Posts by Krunchin-Keith [USA]

1) Message boards : Team invites : USA is open for membership...join the #1 team!!! all welcome (Message 23791) Posted 24 Dec 2011 by Krunchin-Keith [USA] Post: team USA wishes everyone a Merry Christmas and Happy New Year. Be safe this holiday season. We ahve grown from 33rd to 28th with the help of new members over the past few months. Thank You to all those and any cuyrrent or past members that made this possible. Join us at our new website
2) Message boards : Number crunching : no more work? (Message 23776) Posted 18 Dec 2011 by Krunchin-Keith [USA] Post: Don't really know. Being that it is nearing Christmas and New Years, I really would not expect much until after taht as the people there need time off too for family.

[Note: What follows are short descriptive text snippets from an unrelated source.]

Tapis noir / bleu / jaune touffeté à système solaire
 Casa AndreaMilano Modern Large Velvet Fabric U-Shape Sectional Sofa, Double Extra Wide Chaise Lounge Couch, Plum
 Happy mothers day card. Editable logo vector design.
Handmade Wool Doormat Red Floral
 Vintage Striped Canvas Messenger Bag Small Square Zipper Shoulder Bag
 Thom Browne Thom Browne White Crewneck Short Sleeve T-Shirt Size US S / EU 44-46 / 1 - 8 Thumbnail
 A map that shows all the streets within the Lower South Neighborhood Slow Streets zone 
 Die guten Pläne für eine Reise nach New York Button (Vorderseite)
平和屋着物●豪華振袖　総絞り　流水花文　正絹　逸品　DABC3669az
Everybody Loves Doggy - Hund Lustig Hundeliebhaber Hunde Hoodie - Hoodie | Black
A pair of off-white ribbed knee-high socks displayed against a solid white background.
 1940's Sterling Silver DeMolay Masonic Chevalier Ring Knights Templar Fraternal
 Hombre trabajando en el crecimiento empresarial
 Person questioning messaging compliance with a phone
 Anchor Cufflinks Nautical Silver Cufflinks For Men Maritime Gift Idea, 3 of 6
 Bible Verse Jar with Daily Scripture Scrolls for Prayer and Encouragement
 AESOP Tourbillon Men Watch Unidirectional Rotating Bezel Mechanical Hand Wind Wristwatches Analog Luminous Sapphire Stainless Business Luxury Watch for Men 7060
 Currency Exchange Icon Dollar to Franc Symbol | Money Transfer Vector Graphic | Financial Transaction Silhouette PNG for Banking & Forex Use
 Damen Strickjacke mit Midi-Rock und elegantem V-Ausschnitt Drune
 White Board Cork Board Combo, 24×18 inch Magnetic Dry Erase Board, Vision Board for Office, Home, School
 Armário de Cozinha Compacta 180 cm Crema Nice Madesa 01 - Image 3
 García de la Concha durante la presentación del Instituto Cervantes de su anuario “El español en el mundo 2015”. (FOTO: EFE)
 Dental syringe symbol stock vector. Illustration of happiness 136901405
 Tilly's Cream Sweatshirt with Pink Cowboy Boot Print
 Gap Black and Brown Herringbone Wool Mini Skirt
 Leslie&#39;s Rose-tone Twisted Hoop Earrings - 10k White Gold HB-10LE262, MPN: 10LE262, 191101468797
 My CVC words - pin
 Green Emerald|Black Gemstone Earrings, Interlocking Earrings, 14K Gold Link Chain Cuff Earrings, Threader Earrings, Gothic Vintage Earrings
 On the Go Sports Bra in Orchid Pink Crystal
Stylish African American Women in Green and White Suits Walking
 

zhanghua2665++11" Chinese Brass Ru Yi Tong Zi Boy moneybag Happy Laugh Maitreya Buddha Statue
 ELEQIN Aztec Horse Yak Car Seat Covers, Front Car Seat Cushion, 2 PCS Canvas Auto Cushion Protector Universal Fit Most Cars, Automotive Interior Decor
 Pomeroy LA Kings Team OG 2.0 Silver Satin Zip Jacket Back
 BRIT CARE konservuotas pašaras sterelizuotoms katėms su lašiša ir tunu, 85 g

3) Message boards : Number crunching : Faulty Computers or Modified BOINC ?? Huge Credits (Message 23753) Posted 30 Nov 2011 by Krunchin-Keith [USA] Post: Well the whole problem is when the project started it was using CreditNew with the lower of two users claims. Several users complained about getting too little credit and wanted the method changed to average credit. Now that the method has been changed, this has allowed cheaters in. You can't keep every body happy either way.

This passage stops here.